Exercise description
With the pictures set aside, return the lines below exactly, beginning at the first and ending at the line containing "Suzuki JIMNY 2018-03 273615-3".

Record set
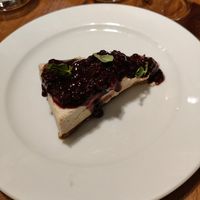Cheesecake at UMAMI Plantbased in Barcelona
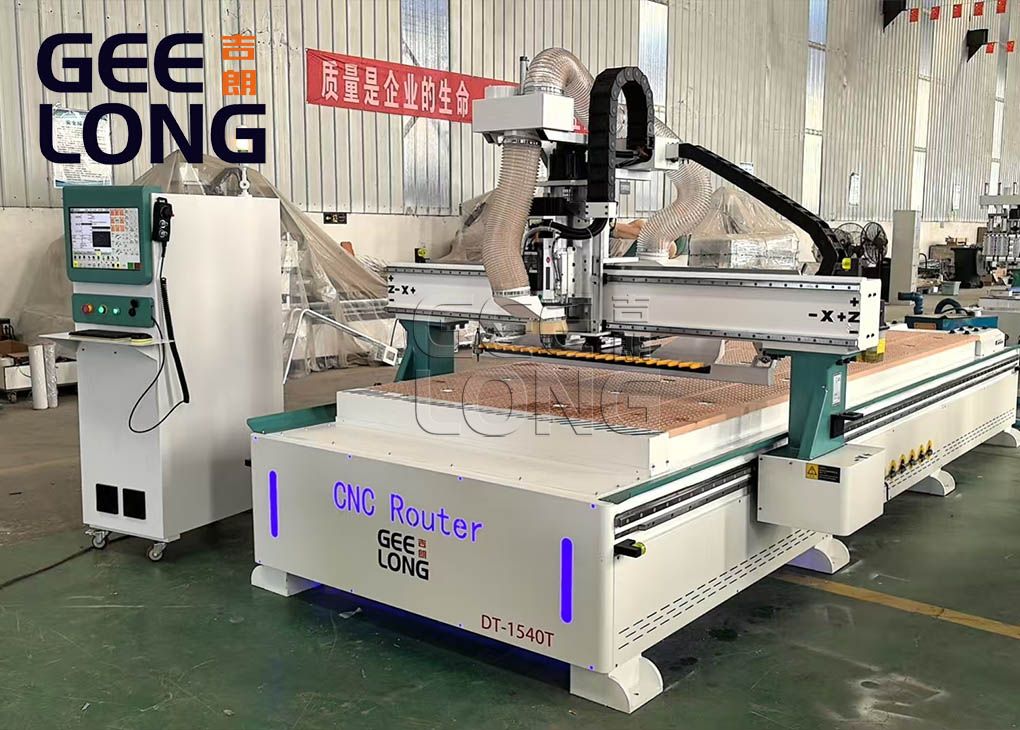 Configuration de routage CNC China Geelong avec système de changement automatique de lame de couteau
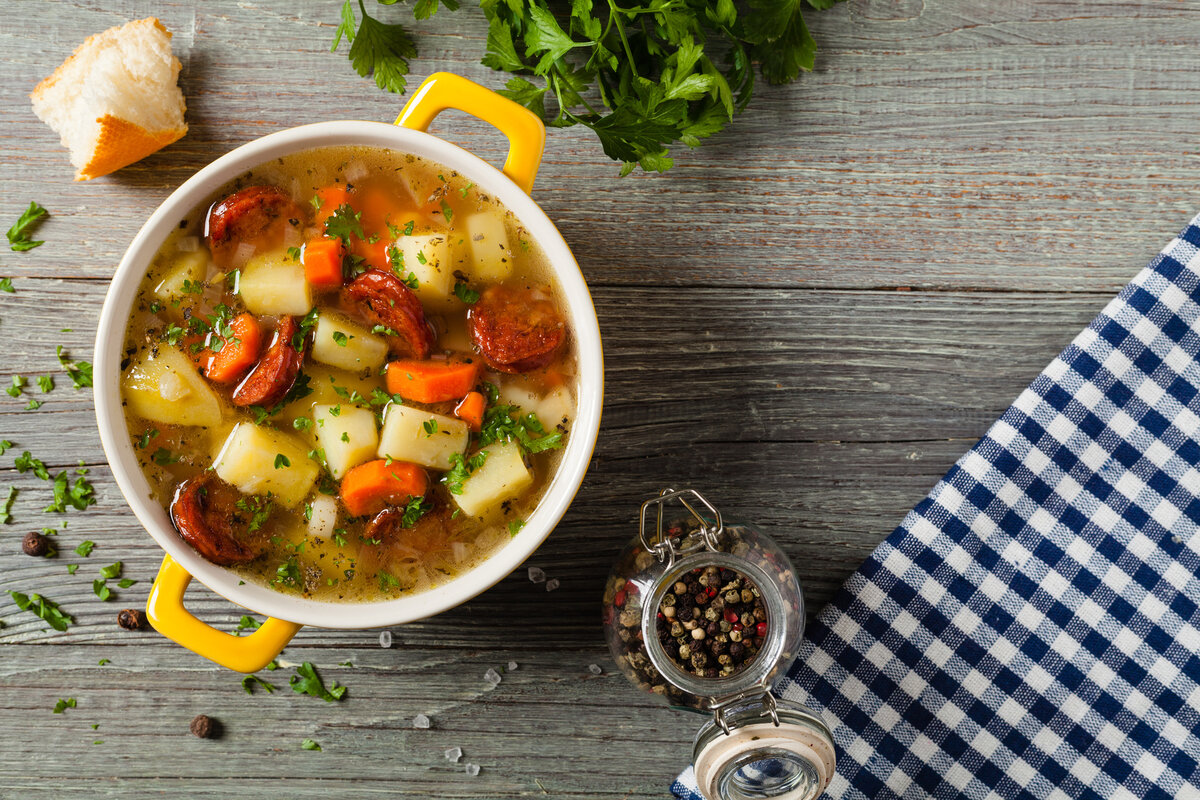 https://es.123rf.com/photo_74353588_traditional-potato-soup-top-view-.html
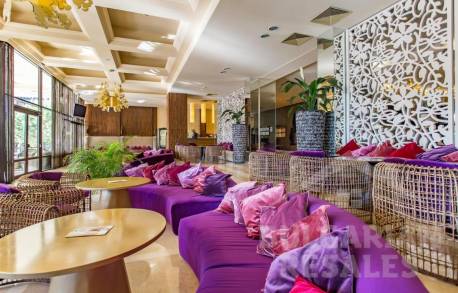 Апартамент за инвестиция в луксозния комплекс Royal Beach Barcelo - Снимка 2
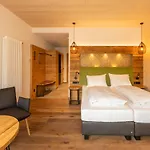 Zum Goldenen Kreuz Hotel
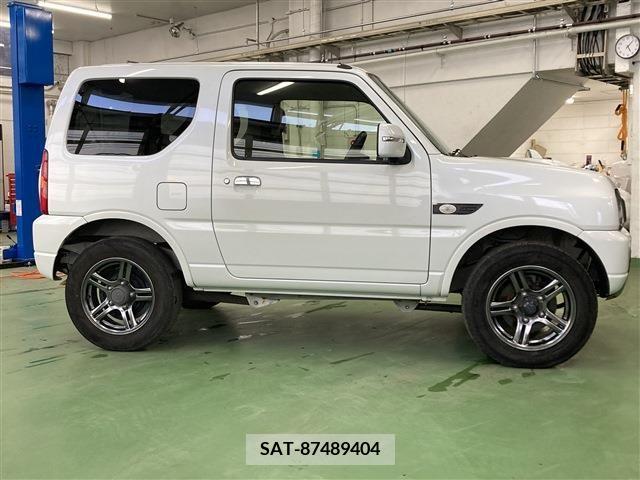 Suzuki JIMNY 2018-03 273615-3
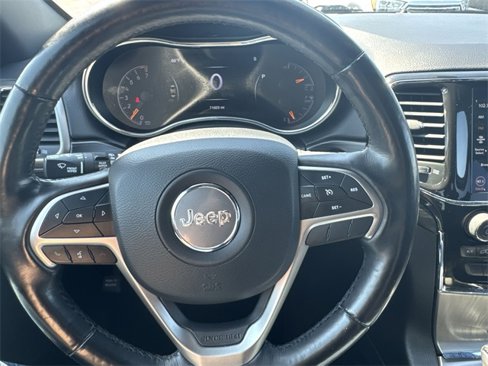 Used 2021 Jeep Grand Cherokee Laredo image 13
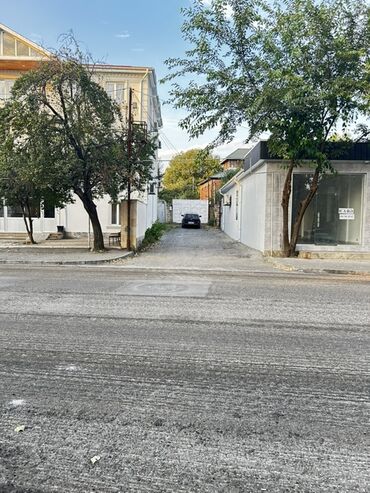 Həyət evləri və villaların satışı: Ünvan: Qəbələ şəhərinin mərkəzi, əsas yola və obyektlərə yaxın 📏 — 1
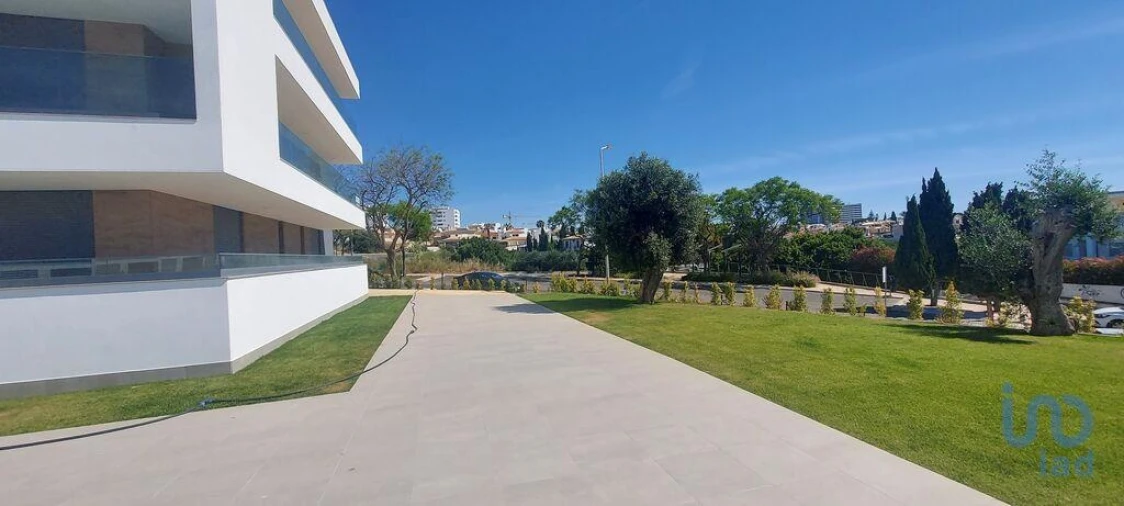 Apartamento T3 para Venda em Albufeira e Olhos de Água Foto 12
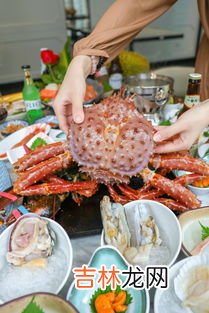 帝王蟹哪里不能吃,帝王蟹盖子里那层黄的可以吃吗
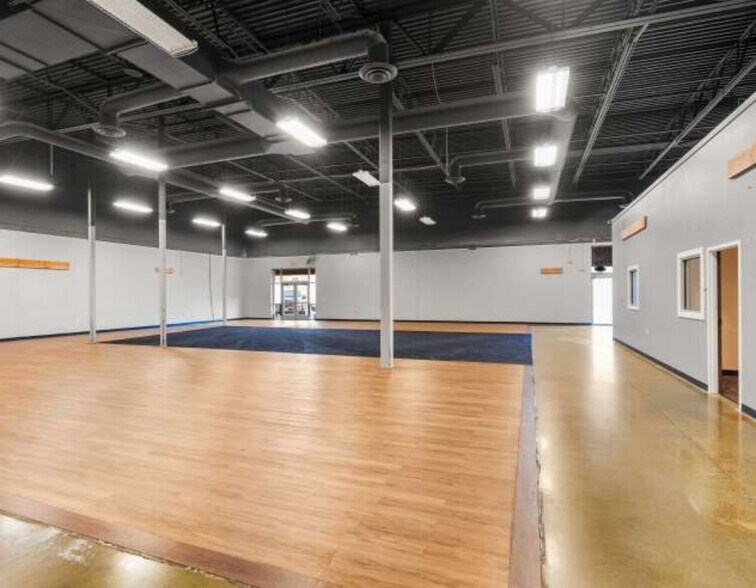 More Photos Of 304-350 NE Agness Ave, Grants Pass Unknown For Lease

Response to this task
Cheesecake at UMAMI Plantbased in Barcelona
 Configuration de routage CNC China Geelong avec système de changement automatique de lame de couteau
 https://es.123rf.com/photo_74353588_traditional-potato-soup-top-view-.html
 Апартамент за инвестиция в луксозния комплекс Royal Beach Barcelo - Снимка 2
 Zum Goldenen Kreuz Hotel
 Suzuki JIMNY 2018-03 273615-3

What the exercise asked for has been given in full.